EXERCISE :: Where a line in the records below includes "Black", pull that line out.

::: RECORDS FOR PROCESSING

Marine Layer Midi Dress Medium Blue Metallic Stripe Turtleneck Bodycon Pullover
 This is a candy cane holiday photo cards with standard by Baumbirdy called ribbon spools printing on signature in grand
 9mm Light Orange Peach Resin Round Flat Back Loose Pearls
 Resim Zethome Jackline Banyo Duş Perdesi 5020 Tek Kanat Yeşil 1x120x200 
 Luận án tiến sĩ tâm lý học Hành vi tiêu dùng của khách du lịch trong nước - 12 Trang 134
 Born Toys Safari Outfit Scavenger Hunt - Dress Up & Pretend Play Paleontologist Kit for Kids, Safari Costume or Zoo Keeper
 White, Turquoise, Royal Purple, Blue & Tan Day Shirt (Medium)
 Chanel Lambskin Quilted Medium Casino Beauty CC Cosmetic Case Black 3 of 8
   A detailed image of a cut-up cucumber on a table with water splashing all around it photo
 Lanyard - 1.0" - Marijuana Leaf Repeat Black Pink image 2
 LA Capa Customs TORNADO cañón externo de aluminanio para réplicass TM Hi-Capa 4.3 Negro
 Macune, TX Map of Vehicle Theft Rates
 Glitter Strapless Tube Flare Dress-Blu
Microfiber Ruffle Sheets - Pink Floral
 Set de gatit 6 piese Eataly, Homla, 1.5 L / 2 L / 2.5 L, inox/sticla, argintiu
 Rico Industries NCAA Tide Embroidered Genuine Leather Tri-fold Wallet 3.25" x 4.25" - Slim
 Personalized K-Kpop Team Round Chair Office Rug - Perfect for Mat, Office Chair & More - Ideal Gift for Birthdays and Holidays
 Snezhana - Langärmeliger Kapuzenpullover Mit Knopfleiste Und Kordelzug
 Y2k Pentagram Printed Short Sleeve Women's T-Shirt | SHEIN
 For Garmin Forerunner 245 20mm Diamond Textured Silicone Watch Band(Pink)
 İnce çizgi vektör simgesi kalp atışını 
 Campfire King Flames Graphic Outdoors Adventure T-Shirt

::::::

RESULT ::
 Chanel Lambskin Quilted Medium Casino Beauty CC Cosmetic Case Black 3 of 8
 Lanyard - 1.0" - Marijuana Leaf Repeat Black Pink image 2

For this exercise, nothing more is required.